La Bolivie a été longtemps le pays le plus pauvre d’Amérique latine. De grandes réformes libérales ont privatisé dans les années 1990 la compagnie aérienne, les chemins de fer, l’électricité, et le pétrole. En 2006 on a découvert un gigantesque gisement de gaz naturel dans le sud du pays, à Tarija. Actuellement, pas moins de vingt-six compagnies multinationales exploitent les ressources naturelles de gaz et de pétrole de la Bolivie ! Les provinces les plus prospères de la Bolivie sont celles qui forment, à l’est du pays, une demi-lune face au reste du pays (en espagnol la media luna) : Pando, Beni, Santa Cruz et Tarija.
Politiquement, la Bolivie est une république parlementaire, avec un Sénat (actuellement à majorité de droite) et une Chambre des députés (actuellement à majorité de gauche). Avec une loi de décentralisation de 1995, les 9 départements boliviens se sont vues accorder une autonomie accrue, avec un préfet à la tête de chaque département. Le MAS, Mouvement vers le Socialisme, parti du président actuel Evo Morales, ne détient que 3 des 9 postes de préfets. Le 18 décembre 2005 ont eu lieu des élections législatives, dans un climat tendu de revendication de mouvements populaires -essentiellement indigènes- pour une nationalisation des réserves de pétrole et de gaz.
Elu le 18 décembre 2005 avec 53 % des voix, Evo Morales est le premier président amérindien (plus exactement Aymara) de Bolivie depuis le 19e siècle.
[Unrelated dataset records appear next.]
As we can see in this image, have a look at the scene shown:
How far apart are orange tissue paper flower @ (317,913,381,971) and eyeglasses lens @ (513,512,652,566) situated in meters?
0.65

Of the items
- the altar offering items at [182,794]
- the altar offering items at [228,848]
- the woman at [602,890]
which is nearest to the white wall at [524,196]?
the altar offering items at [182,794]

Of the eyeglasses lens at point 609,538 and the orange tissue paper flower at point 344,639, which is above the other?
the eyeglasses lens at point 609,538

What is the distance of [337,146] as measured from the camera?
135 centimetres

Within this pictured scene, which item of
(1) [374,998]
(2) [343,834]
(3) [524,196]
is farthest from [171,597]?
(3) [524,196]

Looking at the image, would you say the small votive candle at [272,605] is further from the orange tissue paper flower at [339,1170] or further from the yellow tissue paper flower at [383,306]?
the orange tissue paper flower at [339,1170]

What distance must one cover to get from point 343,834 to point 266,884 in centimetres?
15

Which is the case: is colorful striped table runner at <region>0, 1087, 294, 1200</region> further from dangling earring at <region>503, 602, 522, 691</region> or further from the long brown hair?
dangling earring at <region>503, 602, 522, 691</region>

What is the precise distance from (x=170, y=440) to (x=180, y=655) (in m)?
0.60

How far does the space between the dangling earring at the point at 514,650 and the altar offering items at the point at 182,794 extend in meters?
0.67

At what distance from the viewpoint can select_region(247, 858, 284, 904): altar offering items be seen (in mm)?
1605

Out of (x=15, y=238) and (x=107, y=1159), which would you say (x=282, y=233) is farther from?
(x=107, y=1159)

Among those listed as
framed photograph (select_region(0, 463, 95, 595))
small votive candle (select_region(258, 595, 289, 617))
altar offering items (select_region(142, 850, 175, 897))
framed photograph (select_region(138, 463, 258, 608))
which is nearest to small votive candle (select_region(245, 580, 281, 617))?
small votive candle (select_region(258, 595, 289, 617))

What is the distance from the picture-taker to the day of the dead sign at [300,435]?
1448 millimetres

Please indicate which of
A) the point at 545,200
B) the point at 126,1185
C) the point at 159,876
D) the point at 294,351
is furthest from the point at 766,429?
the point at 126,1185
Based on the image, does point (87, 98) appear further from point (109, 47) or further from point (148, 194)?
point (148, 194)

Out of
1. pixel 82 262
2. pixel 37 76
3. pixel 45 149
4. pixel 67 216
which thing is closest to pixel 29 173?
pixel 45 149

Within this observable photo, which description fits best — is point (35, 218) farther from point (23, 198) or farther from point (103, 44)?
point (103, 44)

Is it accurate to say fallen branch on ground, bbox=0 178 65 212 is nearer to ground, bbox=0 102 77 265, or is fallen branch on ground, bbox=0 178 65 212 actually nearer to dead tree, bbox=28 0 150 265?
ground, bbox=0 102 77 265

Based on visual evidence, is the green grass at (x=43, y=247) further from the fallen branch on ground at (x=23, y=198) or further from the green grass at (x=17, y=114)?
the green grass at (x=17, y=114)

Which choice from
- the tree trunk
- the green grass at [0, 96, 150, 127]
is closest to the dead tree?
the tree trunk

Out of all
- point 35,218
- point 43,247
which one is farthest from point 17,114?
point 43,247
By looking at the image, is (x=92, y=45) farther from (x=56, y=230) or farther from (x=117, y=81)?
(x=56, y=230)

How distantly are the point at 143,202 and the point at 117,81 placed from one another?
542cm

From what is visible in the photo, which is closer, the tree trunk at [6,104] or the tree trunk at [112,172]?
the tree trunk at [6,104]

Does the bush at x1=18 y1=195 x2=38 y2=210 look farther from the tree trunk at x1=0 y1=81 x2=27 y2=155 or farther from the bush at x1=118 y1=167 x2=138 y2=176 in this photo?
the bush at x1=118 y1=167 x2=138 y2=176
Candidat au prix Nobel de la paix 2007, ses objectifs progressistes lui ont attiré les votes des indigènes, des pauvres, des ouvriers : défense des droits des populations indiennes (qui sortent de 500 ans de colonisation), fin de deux décennies de politique néolibérale, nationalisation des hydrocarbures, mise en place d’une réforme agraire, refondation de l’Etat -au moyen d’une nouvelle Constitution garantissant une égalité de droits à tous les Boliviens, une reconnaissance des populations indigènes, une répartition plus équitable des richessses de la nation.
Globalement, le MAS se caractérise par un discours anticapitaliste, promouvant la souveraineté nationale grâce à la réappopriation des ressources naturelles (eau, gaz, mines, ...) contre la mainmise des entreprises multinationales. Le gouvernement de Evo Morales a donné, en deux ans et demi, plus au peuple, par l’accès à la santé, à l’éducation et à la sécurité sociale, -notamment grâce à l’aide du Vénézuela et de Cuba- qu’en 182 ans d’histoire républicaine ! Cependant, le problème principal de la révolution démocratique et culturelle prônée par Evo Morales est qu’elle est seulement portée par des classes sociales du monde rural, au risque de déplaire à une population urbaine, de classe moyenne, tentée de plus en plus par la rhétorique des préfets régionalistes.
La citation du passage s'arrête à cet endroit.